There are differences, he said, living in the big city of Toronto as a transgender person, for one, it's just a more common.
"Like when I said I was a transgender comic back in Windsor everyone was like 'oh my god, that's super cool' and then here they're like 'yeah ok, there's like 18 of you, next," he said.
"[In Belle River] it's kind of lonely because there's very few of you and it's hard to find people like you."
At the time of our first story, Brady was also holding off on going through hormone therapy or having top surgery done because his parents were asking him to hold off until he was 18. With his 18th birthday just days away on November 30, he said he will be getting top surgery done in just a few weeks.
"I can't describe the feeling, it means so much to me," Brady said. "When you've been wanting and begging and pleading, it's like 'please let me be myself, please just let me be me, please let me do this so I can be in the right body' and then someone finally says sure here's your opportunity, it's almost unbelievable."
And when it comes to hormone therapy, he said, he's glad his parents made him wait.

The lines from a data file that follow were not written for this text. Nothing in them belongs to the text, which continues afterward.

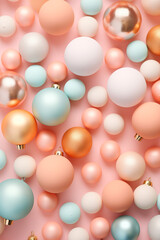 Wall Mural - Creative Christmas bubbles decoration pattern on peach fuzz background. Minimal pastel flat lay concept. 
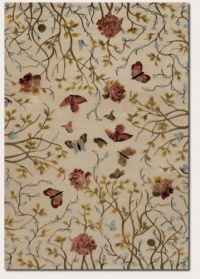 Couristan 0233/0039 EDEN Monarch Garden 72-Inch by 108-Inch Wool Area Rug, Ivory/Peony Couristan 0233/0039 EDEN Monarch Garden 72-Inch by 108-Inch Wool Area Rug, Ivory/Peony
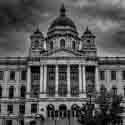 Black and White canvas of  The Onondaga County Courthouse in Syracuse, New York.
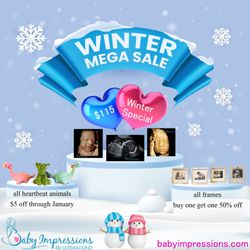Baby Impressions 3D/4D Ultrasound Center - Book your Winter Special now! Only $115!
Other Packages range $60 - $175
Book online www.babyimpressions4d.com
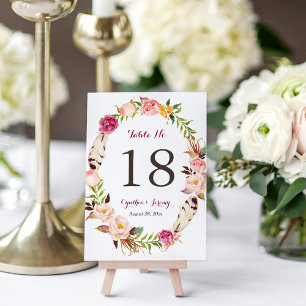 Floral Wreath Feather Boho Wedding Table Number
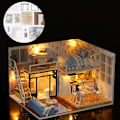 Miniatyrbild 5 av 8: DIY Miniatyr Modern Byggnadsmodell Trähus Montering Dockhus Kit Leksak Present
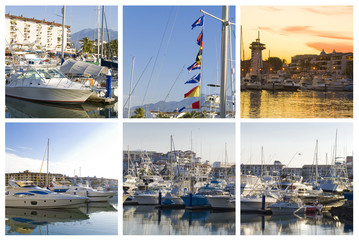 marina collage of five puerto vallarta images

"Although I'm interested in doing it, I'm definitely not as interested as I was when I was younger," he said. "I really wanted to be 100 percent masculine and I wanted to be like boy but now the things I think testosterone would bring for me, personally, I don't think I need as much and I think I might be more interested in that kind of thing when I'm older."
When asked what advice he might give to a young transgender person, Brady said that while it isn't easy, sometimes it just takes a while for things to get better.
"I don't want to sugar coat it and say it's going to be easy the entire time," he said. "You have to fight very hard to be yourself."
"[If] you keep fighting it will happen for you."